Thursday, September 10, 2015

Annulments: Pope has come down in favour of Cardinal Müller

Annulments: Pope has come down in favour of Cardinal Müller, not Cardinal Marx
by Fr Alexander Lucie-Smith
posted Tuesday, 8 Sep 2015

Pope Francis wants to help people stuck by the process 
(CNS photo/Paul Haring)

The Pope wishes to speed up annulments, but not compromise doctrine

The Pope has published two documents today which lay down important reforms in the annulment process. Just how important this may be, only time will tell, but all the indications are that this is a major innovation, and a welcome one.

The two motu proprio are available on the Vatican website so far only in Latin and Italian, but there is a summary of the main points here from Vatican Radio, and there is penetrating commentary, as ever, from the Vaticanista John Allen.
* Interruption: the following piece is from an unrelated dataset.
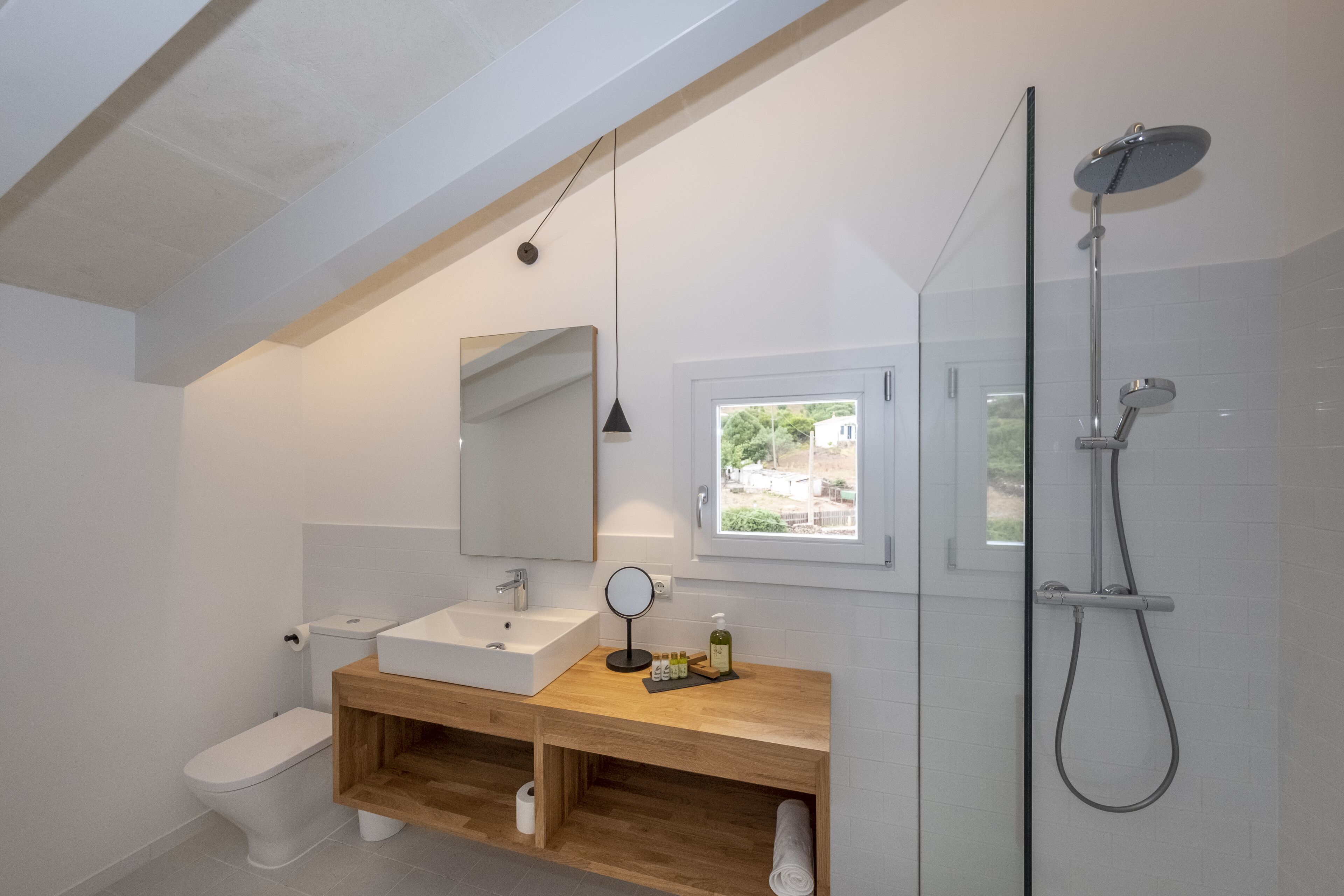 penthouse suite family room | bathroom | shower, rainfall showerhead, free toiletries, hair dryer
This move by the Pope – and a motu proprio has the force of law for the Church – will make a huge difference to people who up to now have suffered greatly under the present dispensation. I am thinking of those, in the United Kingdom, for example, who have been forced to wait up to five years for the process to play out, even though the outcome of that process has been clear from the beginning. And I am thinking of those in Africa (and there may be other places too) where there is no diocesan tribunal, and who cannot get an annulment at all. For people caught up in these situations, there will now be a faster track approach, or a decision made by the local bishop.
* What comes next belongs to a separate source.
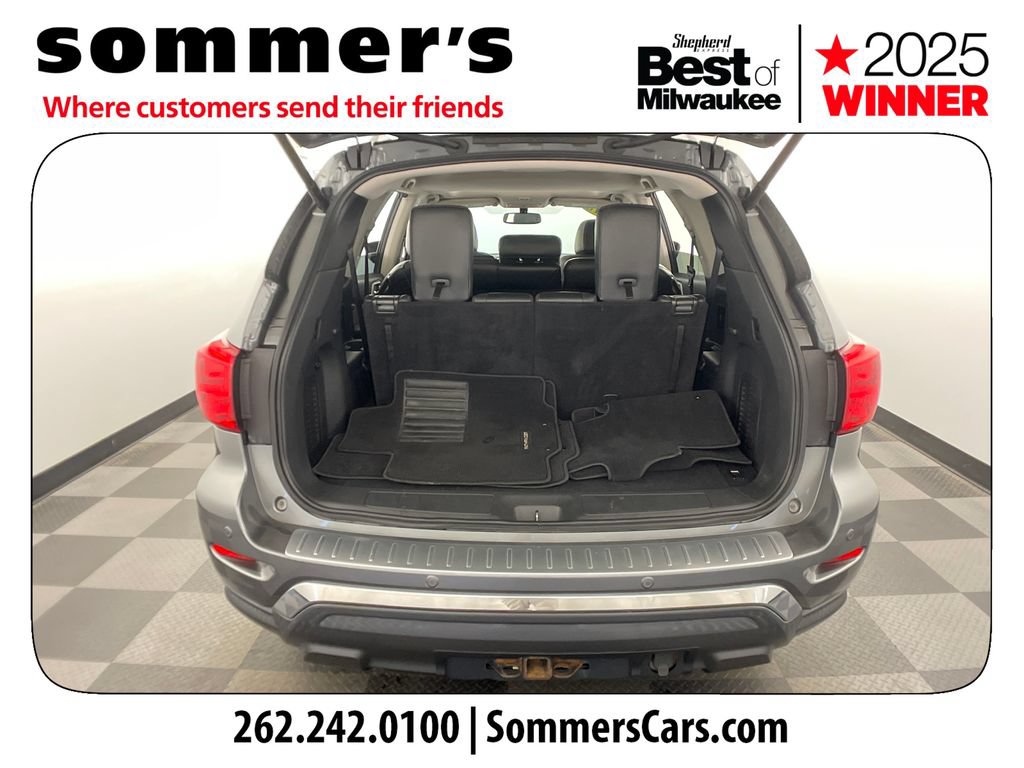 Used 2018 Nissan Pathfinder Platinum AWD/4WD image 21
The annulment process has, perhaps unfairly, not had a good press. These reforms will make the process much more “agile” (to use the word of Vatican Radio). It was this that the Extraordinary Synod on the Family asked for last year. Well, now they have it, and rather more quickly than any of us had imagined.

Also of note, bearing in mind the upcoming Synod, is this, in the original Italian:

Non mi è tuttavia sfuggito quanto un giudizio abbreviato possa mettere a rischio il principio dell’indissolubilità del matrimonio; appunto per questo ho voluto che in tale processo sia costituito giudice lo stesso Vescovo, che in forza del suo ufficio pastorale è con Pietro il maggiore garante dell’unità cattolica nella fede e nella disciplina.
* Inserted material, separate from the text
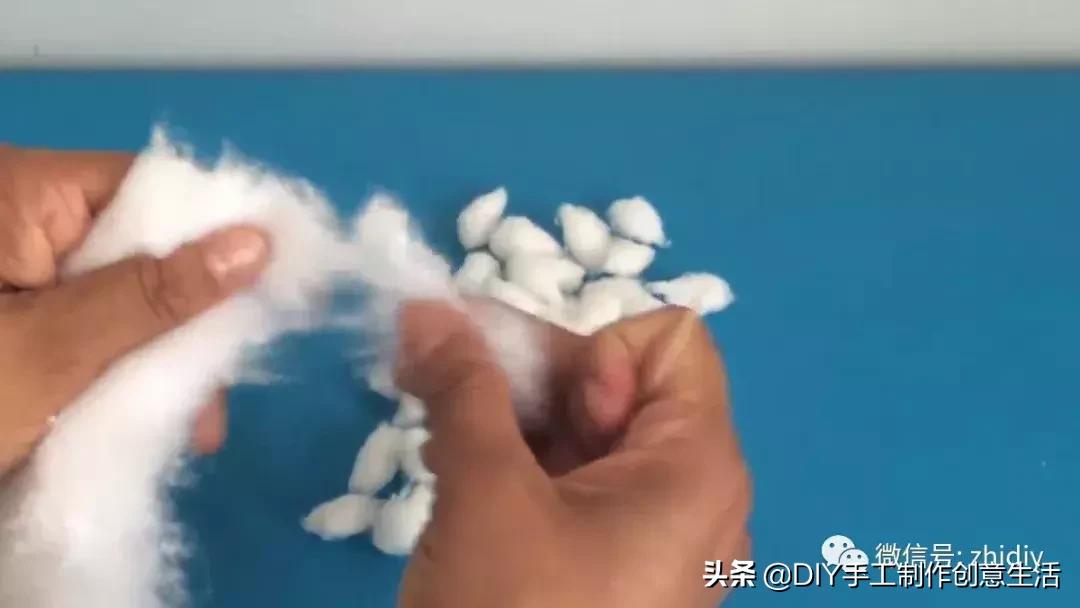 用白纸做个可爱的咩咩羊,用纸折一个可爱的小山羊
In my English translation:

In no wise did it escape my notice that an abbreviated process of judgment might put at risk the principle of the indissolubility of marriage: for this very reason, I have desired that in such cases the Bishop himself, who, because of his pastoral office is with Peter the greatest guarantor of Catholic unity in faith and in discipline, shall be the judge.


This perhaps is the clear statement that many of us have been hoping for. The Pope wishes to speed up annulments, but he does not want to compromise the doctrine of indissolubility. Because bishops will judge, and because bishops are charged with upholding the faith in union with the Holy See, the doctrine of indissolubility will be safeguarded. One notes the way the Pope speaks of “faith and discipline” – the latter reflects the former, and the two cannot be seperated. That is a crucial point and it gives a hint to the discussions at the coming Synod, where, one hopes, all talk of faith and discipline parting compnay will be sternly resisted.

One also notes the reference to the “Catholic unity” that exists between Peter and the bishops. We all know that Catholic means universal. This too is a hint that so called “local solutions” will be given short shrift. The Church is One, as the Creed states: Germany will not be getting what it wants. The Pope has come down in favour of Cardinal Müller, not Cardinal Marx.